Validation of JSON Schema formats

Format validation has always been a difficult area, as it is not possible to find an optimal balance between validation performance, correctness and security – these objectives are contradictory, and, depending on your application, you would need a different approach to validate the same format.

JSON Schema specification evolved to the point of declaring format validation as an optional, opt-in behaviour, and Ajv v7 made the same choice – formats are now released as a separate package ajv-formats.

Unlike JSON Schema specifies, Ajv does not just quietly ignore formats – it would have been error-prone – you have to explicitly configure it for the desired behaviour (or do not use formats in the schemas).

You have several options:

1. Fully disable format validation with the option `validateFormats: false`. In this case, even if you use formats in the schema, they will be ignored.

2. Define the list of formats that you want to be ignored by passing `true` values for some formats in `formats` option:

 new Ajv({formats: {email: true}})

The configuration above would allow and ignore `email` format in your schemas, but would still throw an exception if any other format is used.
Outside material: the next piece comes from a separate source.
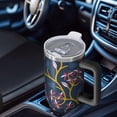 thumbnail image 6 of Modern 40oz Tumbler– Stainless Steel Insulated Tumbler with Handle and Straw, Large Capacity Travel Cup for Hot & Cold Drinks, 6 of 7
This approach is more performant than passing regular expressions `/.*/` or function `() => true` because they would have to be executed, and in case of `true` no validation code is generated when this format is used.

3. Use ajv-formats package – it includes all formats previously shipped as part of Ajv, some of the formats have two options – more performant and more correct (`fast` and `full` – see the docs to ajv-formats).

4. Define your own functions (or use some a 3rd party library) to validate formats that suit your application – you can pass functions to ajv for each format you use and you can even use asynchronous validation if, for example, you want to validate the existence and/or configuration of domain name as part of `email` or `hostname` validation.

The last approach to validate formats – defining your own functions or using a library – is strongly recommended as it allows you to achieve the right balance between validation security, speed and correctness that fits your application.

JSON Schema draft 4 should be used with version 6

Draft 4 of the JSON Schema is the first version that Ajv supported, and since then there were several important changes in the specification that made supporting multiple versions of JSON Schema in the same code unnecessarily complex.

JSON Schema draft 2019-09 has introduced further complexity, so the support for draft 4 was removed.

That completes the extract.